◆ **Your instructions**
In the material below, find the line containing "KoloQren Pigiama da" and the line containing "Bat face bat", then reproduce exactly both of them and every line between, and nothing else.

◆ **Supplied entries**
━━━━━━━━━━━━━━━━
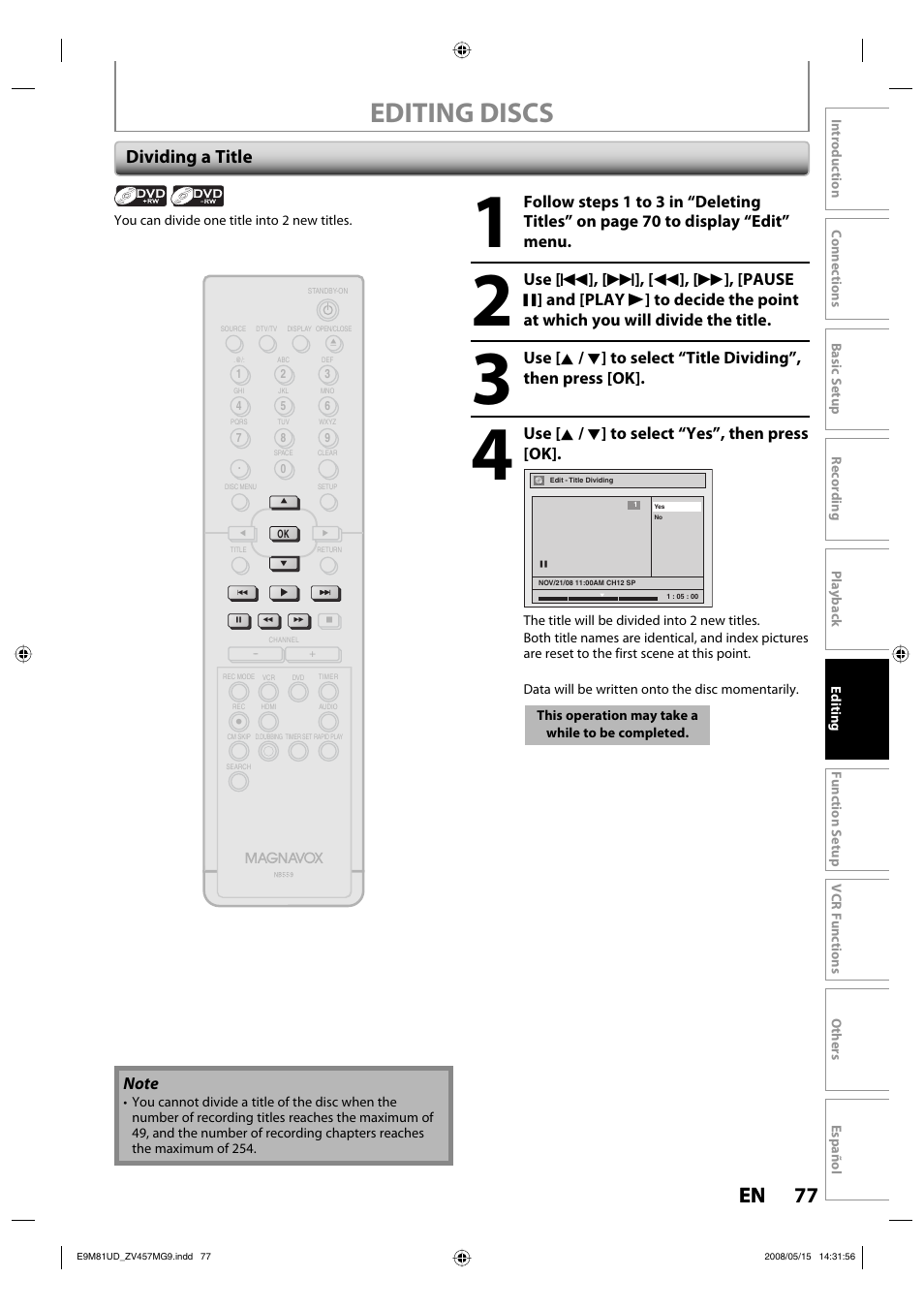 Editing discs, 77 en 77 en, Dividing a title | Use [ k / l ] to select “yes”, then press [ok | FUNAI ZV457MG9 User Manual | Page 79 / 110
━━━━━━━━━━━━━━━━
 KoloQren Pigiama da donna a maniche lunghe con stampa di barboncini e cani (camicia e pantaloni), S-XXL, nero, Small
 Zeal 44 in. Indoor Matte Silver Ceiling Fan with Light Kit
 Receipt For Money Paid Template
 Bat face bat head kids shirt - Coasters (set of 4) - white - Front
━━━━━━━━━━━━━━━━
◆ **Answer to this exercise**
 KoloQren Pigiama da donna a maniche lunghe con stampa di barboncini e cani (camicia e pantaloni), S-XXL, nero, Small
 Zeal 44 in. Indoor Matte Silver Ceiling Fan with Light Kit
 Receipt For Money Paid Template
 Bat face bat head kids shirt - Coasters (set of 4) - white - Front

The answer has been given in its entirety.